Um chef que simplesmente cozinha? Não, o chef fala. Sonha. Pensa. Conversa sobre comida. E escreve

FUI CONVIDADA para assistir à sabatina da Folha em que Alex Atala seria interrogado pelos brilhantes Carlos Alberto Dória, sociólogo, Josimar Melo, nosso crítico de gastronomia, Vinícius Queiroz Galvão, editor do caderno "Comida", e Cláudia Lima, editora do UOL Receitas e Restaurantes.

Lançado aos leões, diríamos. Mas eram leões saciados, luzidios, até um pouco blasés, conhecendo de antemão o discurso do chef.

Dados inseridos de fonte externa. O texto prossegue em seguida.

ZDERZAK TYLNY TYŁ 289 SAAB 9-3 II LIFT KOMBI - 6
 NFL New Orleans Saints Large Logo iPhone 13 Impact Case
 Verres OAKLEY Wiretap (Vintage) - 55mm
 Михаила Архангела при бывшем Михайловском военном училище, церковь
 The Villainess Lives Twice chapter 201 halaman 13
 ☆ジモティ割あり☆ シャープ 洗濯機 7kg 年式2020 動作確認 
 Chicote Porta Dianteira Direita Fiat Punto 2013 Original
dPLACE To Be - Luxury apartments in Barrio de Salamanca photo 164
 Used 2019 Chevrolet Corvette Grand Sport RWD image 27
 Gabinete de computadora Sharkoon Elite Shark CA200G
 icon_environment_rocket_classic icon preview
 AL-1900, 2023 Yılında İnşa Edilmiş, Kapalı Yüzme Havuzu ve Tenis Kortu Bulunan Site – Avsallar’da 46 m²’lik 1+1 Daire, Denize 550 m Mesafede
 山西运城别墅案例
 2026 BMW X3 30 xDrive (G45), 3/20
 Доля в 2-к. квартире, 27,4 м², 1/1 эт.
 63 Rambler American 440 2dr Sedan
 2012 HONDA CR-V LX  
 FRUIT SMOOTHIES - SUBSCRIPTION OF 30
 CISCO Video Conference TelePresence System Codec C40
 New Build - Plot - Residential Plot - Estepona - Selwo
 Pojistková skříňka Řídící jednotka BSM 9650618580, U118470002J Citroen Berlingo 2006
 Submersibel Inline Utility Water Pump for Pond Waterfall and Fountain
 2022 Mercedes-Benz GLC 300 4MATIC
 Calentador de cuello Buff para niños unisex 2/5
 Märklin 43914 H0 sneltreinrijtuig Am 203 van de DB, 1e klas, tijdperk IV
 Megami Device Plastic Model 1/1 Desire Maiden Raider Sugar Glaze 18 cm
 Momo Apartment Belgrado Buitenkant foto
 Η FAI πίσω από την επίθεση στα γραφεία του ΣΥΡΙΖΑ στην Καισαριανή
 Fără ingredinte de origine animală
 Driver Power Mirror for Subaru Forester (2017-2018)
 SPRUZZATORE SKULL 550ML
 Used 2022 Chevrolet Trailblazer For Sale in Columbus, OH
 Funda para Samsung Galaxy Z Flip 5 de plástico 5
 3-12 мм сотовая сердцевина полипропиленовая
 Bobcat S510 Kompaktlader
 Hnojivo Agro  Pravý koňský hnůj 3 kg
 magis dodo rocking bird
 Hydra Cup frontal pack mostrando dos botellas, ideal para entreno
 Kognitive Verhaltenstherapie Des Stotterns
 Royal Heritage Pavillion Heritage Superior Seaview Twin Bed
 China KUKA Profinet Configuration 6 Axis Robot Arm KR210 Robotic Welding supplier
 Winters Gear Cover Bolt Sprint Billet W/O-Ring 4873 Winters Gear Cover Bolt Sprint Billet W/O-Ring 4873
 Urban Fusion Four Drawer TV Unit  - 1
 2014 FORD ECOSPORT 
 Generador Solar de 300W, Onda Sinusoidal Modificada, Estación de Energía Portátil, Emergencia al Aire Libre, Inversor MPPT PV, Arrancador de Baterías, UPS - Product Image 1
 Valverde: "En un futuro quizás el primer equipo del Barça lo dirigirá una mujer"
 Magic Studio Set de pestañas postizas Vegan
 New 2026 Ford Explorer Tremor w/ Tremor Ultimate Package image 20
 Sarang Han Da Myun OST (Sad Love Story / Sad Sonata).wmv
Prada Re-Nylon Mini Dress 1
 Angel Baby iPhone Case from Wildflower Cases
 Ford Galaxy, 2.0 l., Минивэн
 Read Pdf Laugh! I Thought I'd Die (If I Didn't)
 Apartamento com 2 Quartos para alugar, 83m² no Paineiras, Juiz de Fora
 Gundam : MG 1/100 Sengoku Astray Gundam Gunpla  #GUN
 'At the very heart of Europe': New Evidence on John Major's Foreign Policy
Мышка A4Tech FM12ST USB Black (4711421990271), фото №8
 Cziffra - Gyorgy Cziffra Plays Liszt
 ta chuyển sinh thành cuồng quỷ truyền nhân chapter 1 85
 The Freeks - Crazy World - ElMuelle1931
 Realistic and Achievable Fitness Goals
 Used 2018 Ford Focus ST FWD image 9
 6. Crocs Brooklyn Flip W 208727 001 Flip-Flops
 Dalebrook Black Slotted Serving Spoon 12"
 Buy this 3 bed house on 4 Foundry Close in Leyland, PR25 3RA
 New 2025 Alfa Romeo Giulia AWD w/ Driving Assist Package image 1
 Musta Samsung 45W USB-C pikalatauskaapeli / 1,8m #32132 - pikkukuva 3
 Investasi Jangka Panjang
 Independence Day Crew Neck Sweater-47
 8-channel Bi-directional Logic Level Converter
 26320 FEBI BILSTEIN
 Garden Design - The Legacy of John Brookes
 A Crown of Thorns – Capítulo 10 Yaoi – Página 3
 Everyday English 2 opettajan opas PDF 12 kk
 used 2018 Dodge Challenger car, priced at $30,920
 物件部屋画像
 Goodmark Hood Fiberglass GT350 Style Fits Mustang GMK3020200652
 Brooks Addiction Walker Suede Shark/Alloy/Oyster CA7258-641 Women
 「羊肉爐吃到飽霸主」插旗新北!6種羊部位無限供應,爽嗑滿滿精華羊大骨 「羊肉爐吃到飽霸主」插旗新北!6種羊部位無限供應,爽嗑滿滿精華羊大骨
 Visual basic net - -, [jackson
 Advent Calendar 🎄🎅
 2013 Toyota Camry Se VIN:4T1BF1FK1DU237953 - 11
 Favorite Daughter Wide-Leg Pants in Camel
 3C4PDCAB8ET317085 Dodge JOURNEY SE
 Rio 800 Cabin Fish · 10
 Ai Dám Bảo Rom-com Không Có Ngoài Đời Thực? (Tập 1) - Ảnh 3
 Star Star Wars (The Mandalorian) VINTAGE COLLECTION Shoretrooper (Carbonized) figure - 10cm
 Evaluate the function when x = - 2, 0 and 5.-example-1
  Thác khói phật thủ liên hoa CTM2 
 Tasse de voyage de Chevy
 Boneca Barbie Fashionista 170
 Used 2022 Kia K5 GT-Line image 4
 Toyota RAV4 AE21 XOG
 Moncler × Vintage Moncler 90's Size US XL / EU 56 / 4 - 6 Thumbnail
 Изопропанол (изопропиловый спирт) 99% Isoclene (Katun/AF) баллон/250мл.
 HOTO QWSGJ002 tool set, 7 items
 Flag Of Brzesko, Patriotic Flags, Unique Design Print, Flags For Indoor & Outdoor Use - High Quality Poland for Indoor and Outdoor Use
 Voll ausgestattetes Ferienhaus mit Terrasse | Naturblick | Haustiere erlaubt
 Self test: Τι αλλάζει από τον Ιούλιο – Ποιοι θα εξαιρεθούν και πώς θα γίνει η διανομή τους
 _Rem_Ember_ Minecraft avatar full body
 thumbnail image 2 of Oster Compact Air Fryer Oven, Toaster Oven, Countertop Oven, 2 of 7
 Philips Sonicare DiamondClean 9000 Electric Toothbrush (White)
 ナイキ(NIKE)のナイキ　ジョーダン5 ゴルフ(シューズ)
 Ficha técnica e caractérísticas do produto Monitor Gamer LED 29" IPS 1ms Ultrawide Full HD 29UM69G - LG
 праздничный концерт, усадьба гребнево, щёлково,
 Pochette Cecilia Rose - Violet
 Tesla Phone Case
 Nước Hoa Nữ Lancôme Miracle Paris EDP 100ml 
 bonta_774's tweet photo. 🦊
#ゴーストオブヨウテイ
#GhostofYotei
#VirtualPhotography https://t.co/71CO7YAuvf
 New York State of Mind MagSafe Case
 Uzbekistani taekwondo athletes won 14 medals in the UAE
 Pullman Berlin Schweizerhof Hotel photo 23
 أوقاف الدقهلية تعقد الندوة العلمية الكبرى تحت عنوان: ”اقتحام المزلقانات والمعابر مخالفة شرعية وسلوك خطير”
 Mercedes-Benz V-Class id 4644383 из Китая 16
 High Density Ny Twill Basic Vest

Não queriam comê-lo, queriam ver como andava o tal discurso, queriam abocanhar alguma distração, ver como se estaria apresentando mundo afora. Leões confiantes, levemente orgulhosos do rapaz, aposto que sabiam todas as respostas. Para eles, uma avaliação; para o Atala, um treino. Senti assim.

Pensam que é sopa ser o sétimo do mundo? É simplesmente um inferno. Os leões capricharam na sabatina. Além de cozinhar, o chef tem um discurso (eles precisam ter discurso), aponta caminhos, sabe qual tendência é relevante no mundo contemporâneo, há de ser autêntico, há de explicar o que é ser autêntico, reconhecer exotismos, escolher atalhos de um Brasil de estradas longas.

Um chef que simplesmente cozinha? Não, o chef fala. Sonha. Pensa. Conversa sobre comida. Escreve, aparece na TV, enfeita a capa das revistas, deve ter um site e um blog.

Alguém perguntou a ele a receita do patê de alho? Não! O chef é um ser político. Cada garfada é um ato pensado. Ser chef é entender de luxo, de fome e de status. De comida orgânica, criativa, simples.

É claro, tem de saber cozinhar, mas tem de contar quem é sua mão direita, quais chefs brasileiros admira, detalhes de sua cozinha, dos estagiários, quem é que aguenta o tranco enquanto ele viaja, quem é que permite que ele olhe pela janela e enxergue a devastação ecológica, o pobre e o rico, o novo homem onívoro.

E o consumo ético? E como o chef ganha seu dinheiro? O quê? Fez propaganda de panelas, tem interesses, vai salvar um tipo de arroz?

Põe no bolso as gorjetas? Quanto dinheiro deve? É artista? Que o chef não se distraia, precisamos ir além do seu peixe frito, que largue tudo e investigue as condições sociais da produção e do consumo. E o apoio do Estado à gastronomia? Você foi lá discursar para o ministro, chef? Foi uma leve patada de gato.

E suas opiniões sobre a cozinha molecular, as cozinhas étnicas e os outros chefs brasileiros? E como foi que o Gastón Acurio, peruano, conseguiu o apoio do Peru para projetar a cozinha peruana? Você não ganha nada para fazer a mesma coisa?

Bem, a maior prova de que a cozinha anda desesperadamente na moda veio dos espectadores. De um menino de dez anos, um minúsculo Mozart das panelas, com um celular em punho mostrando suas técnicas e receitas. Nos Estados Unidos, são chamados de "foodie children", crianças que comem miolos em restaurantes coreanos e cozinham em casa. O menino contou ter comprado o "Dona Benta" por R$ 199,50, talvez o primeiro erro de uma carreira promissora. Contou de seu sorvete criativo que mistura a receita de torta de morango com outra, mas "com meu toque pessoal", avisa.

Final feliz: o cristão Atala saiu ileso das garras leoninas. Salvou-se, como se salvaram todos. E muito bem.